**GOAL OF THE EXERCISE**
Pictures are not part of the copy. Write out exactly the lines from the line with "KIDS Scallop Tank" through the end of the entries below.

━━━

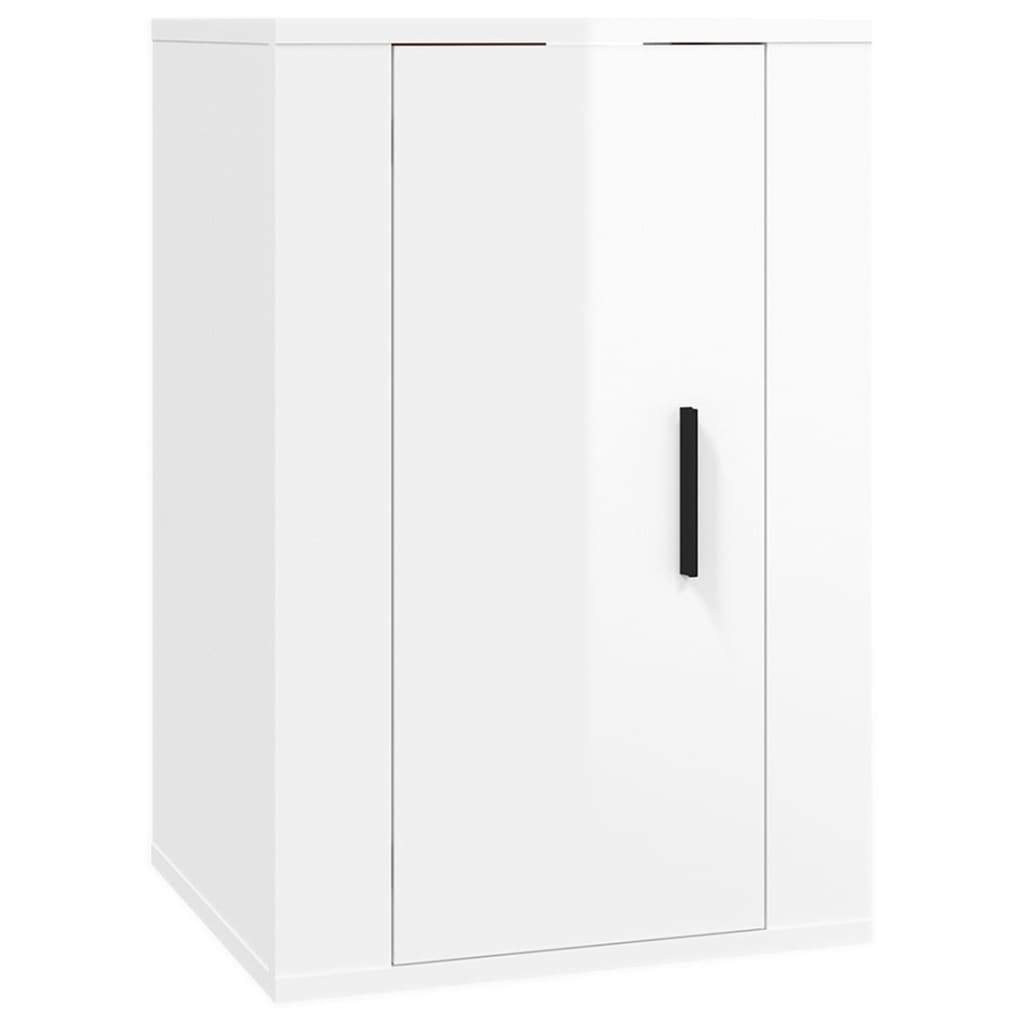 vidaXL 2 Piece Wall-mounted TV Cabinet Set High Gloss White 40x34,5x60 cm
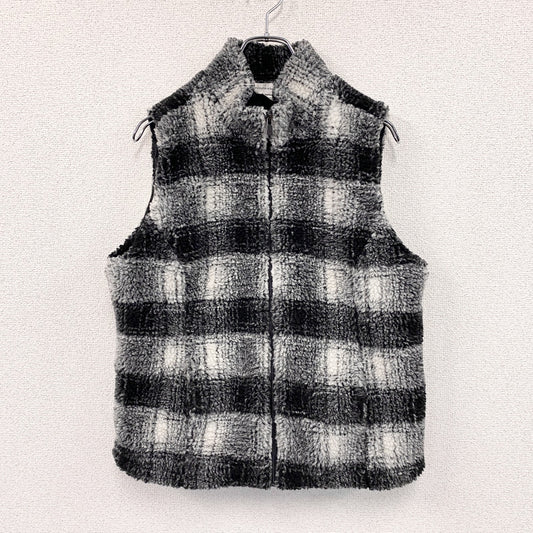 christopher&banks　フリースベスト/ボアベスト　チェック柄　黒　ブラック　白　ホワイト　Mサイズ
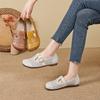 Women's Sandals Shoe Flat and Comfortable HoleHole Mary Jane Shoes Women Genuine Leather Summer Hollow Out Female Shoes
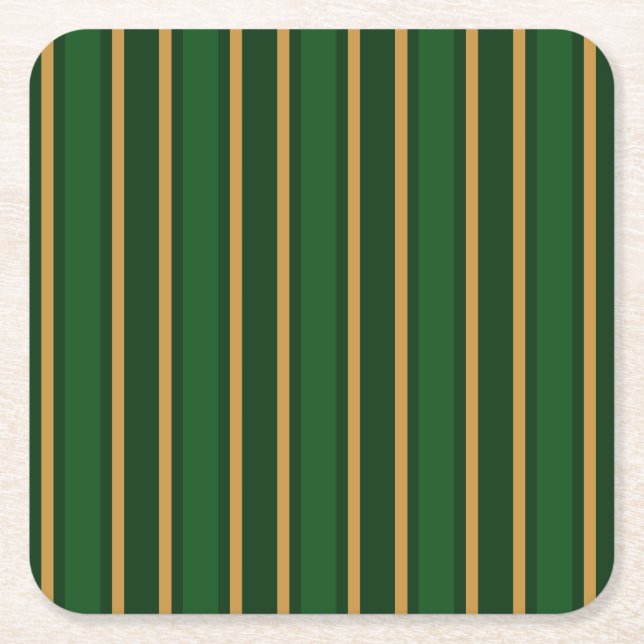 Springbok green and gold candy stripes square paper coaster (Front)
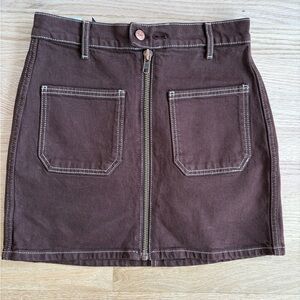 Reformation Chocolate Brown Mini Skirt
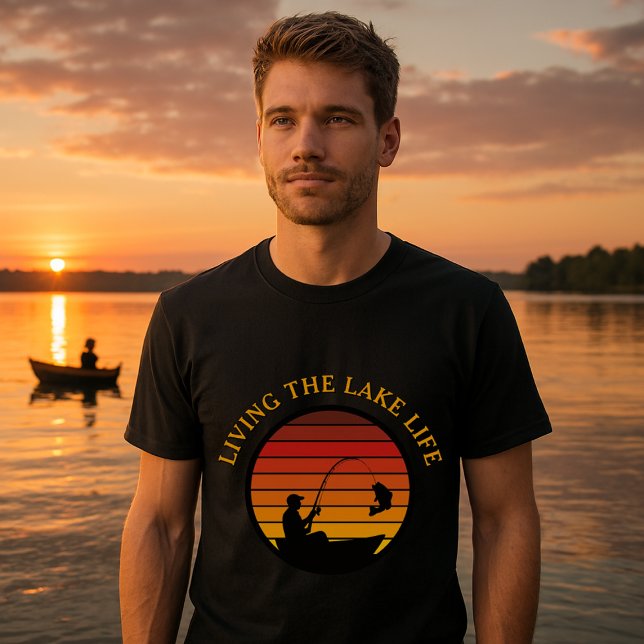 Mall för människofiske Retro Sunset Sjö Life T Shirt (Skapare uppladdad)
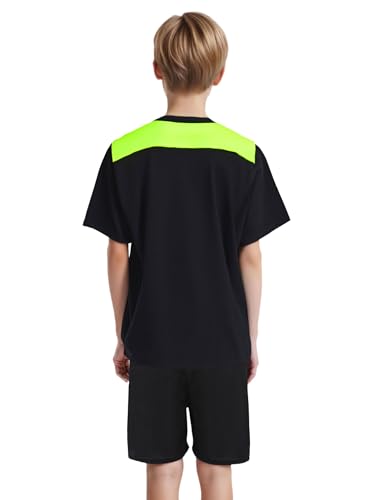 easyforever Boys Quick-dry 2-piece Football Outfit Color Block Sports Top With Shorts For Soccer Basketball Running Fluorescent Yellow 16 Years2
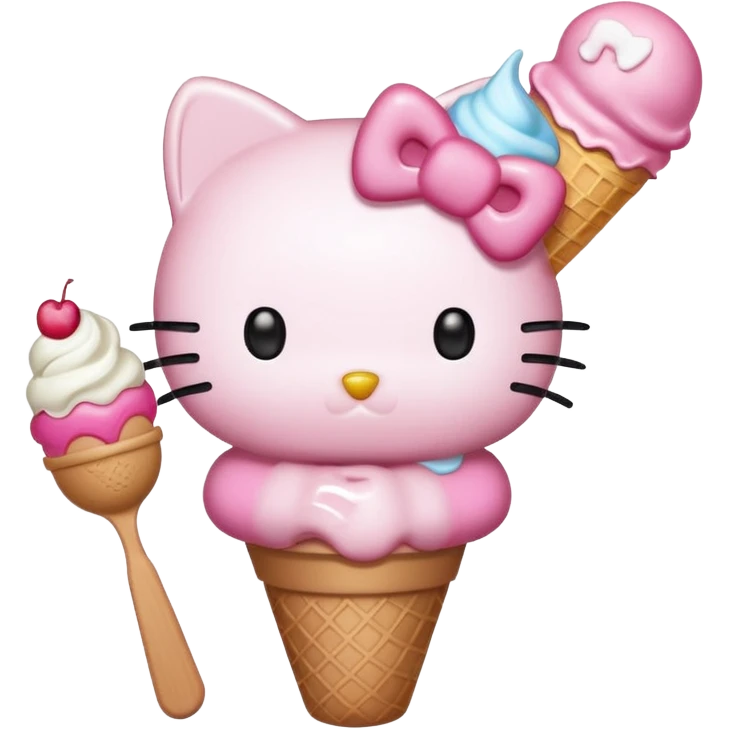 Hello kitty with a ice cream emoji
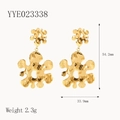 Vintage 18K gold-plated irregular flower earrings with wrinkled texture and dimensions - Irregular Ink Splash Shape (YYE023338) / Gold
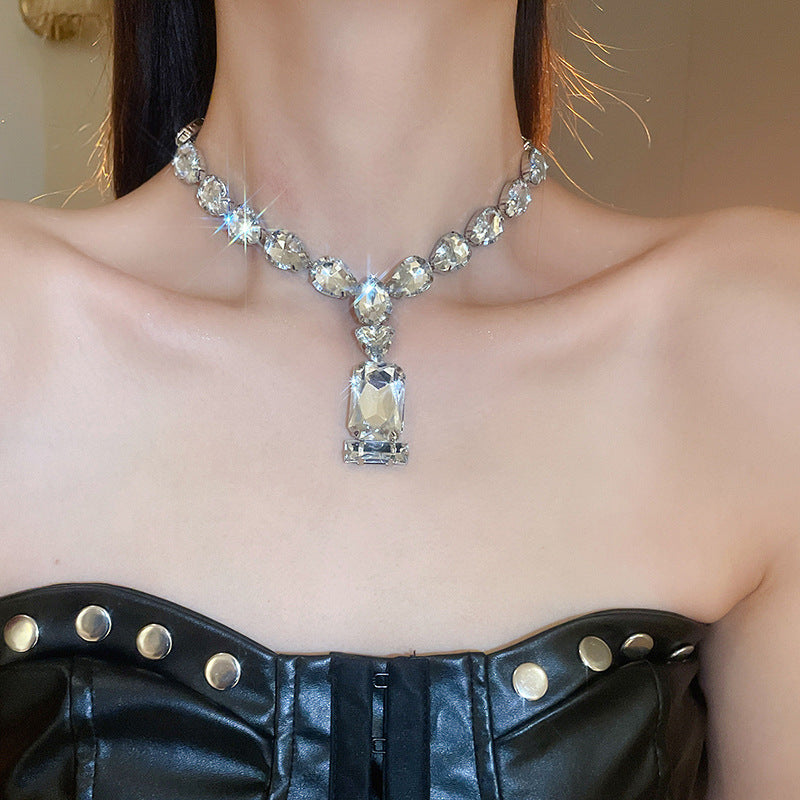 Collar de colgante con cristales de strass, estilo japonés y coreano, cristales rectangulares y en forma de lágrima para fiestas y festivales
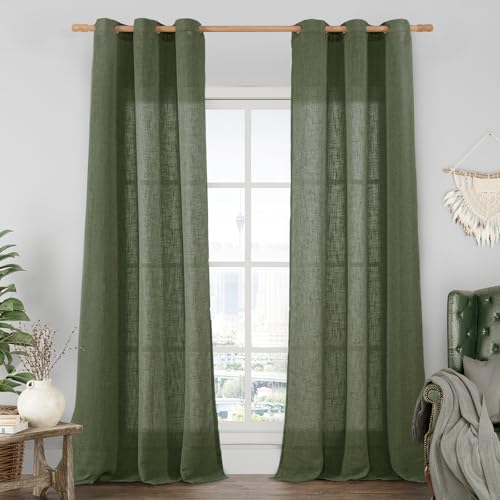 Olive Green Linen Sheer Curtains 84 inch Length 2 Panels Set (34"W x 84"L (Pack of 2) / Olive Green)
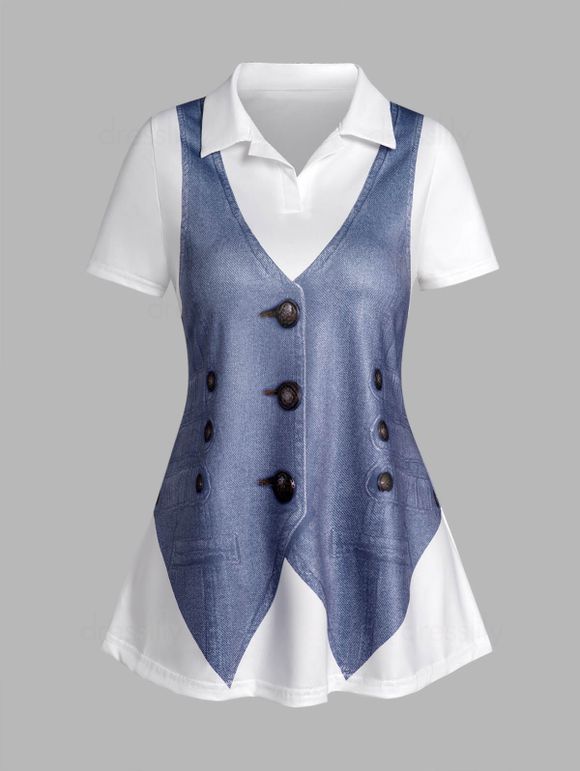 Faux Denim Vest 3D Print T-shirt Short Sleeve Turndown Collar Tee - BLUE XXL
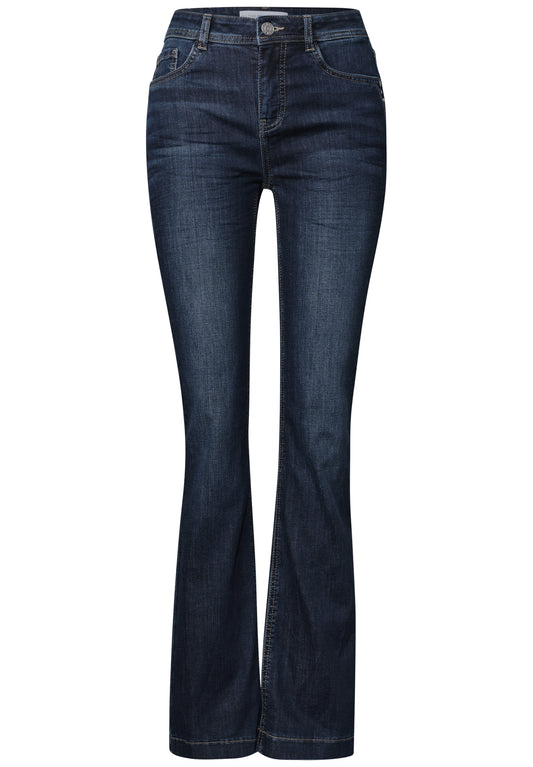 Street One - High Waist Bootcut Jeans "Style: Blaire" - Farbe: Dark Blue Washed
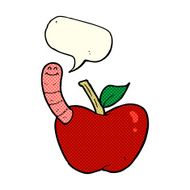 cartoon apple with worm speech bubble N21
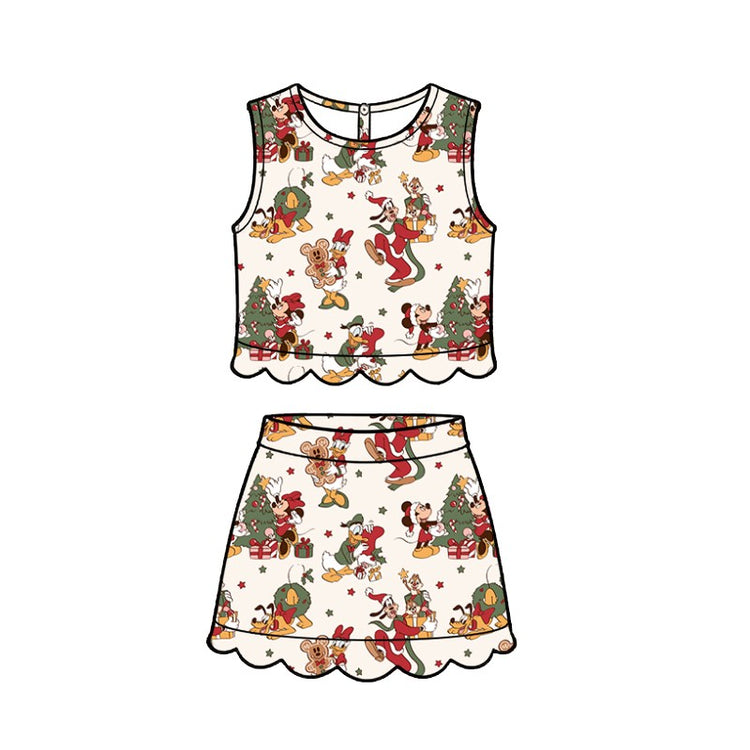 KIDS Scallop Tank + Skort Set - Night Before Christmas PREORDER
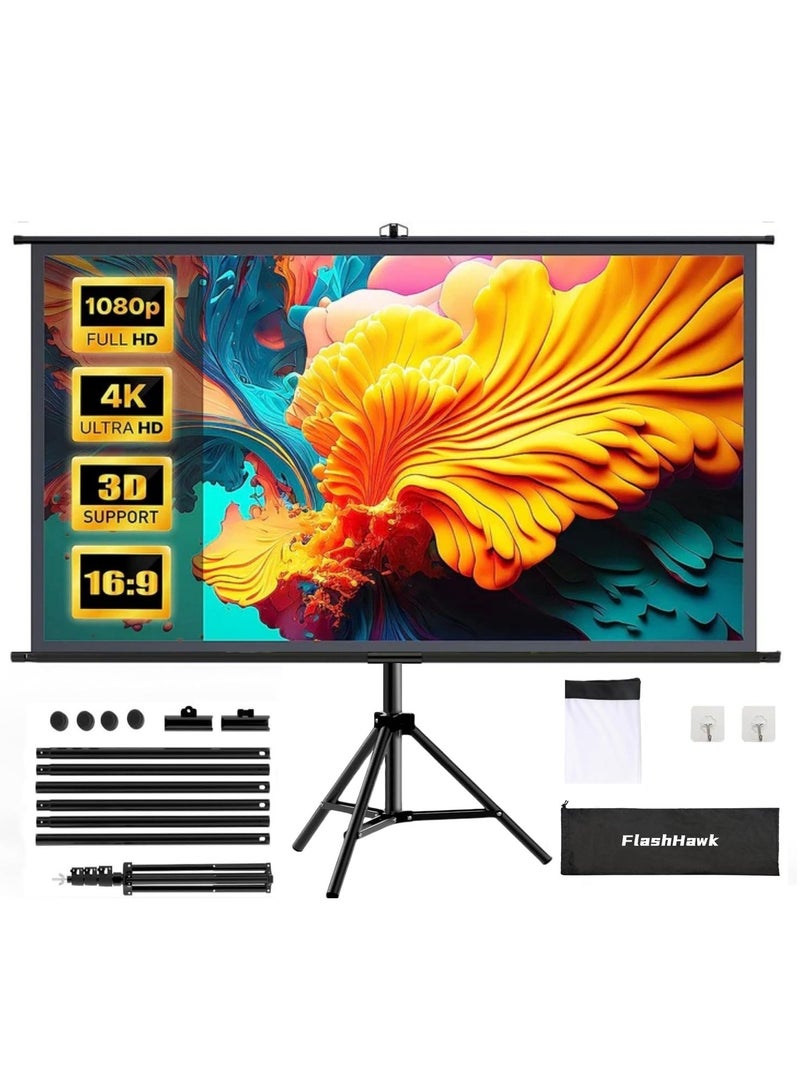 فلاشهوك شاشة عرض بروجكتر مقاس 120  بوصة 16:9 قابلة للطي متنقلة شاشة بروجكتر مع حامل وحقيبة حمل للمسرح المنزلي الداخلي والخارجي في الهواء الطلق في الفناء الخلفي للسينما - Image 1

━━━

**RESPONSE FOR THIS EXERCISE**
 KIDS Scallop Tank + Skort Set - Night Before Christmas PREORDER
 فلاشهوك شاشة عرض بروجكتر مقاس 120  بوصة 16:9 قابلة للطي متنقلة شاشة بروجكتر مع حامل وحقيبة حمل للمسرح المنزلي الداخلي والخارجي في الهواء الطلق في الفناء الخلفي للسينما - Image 1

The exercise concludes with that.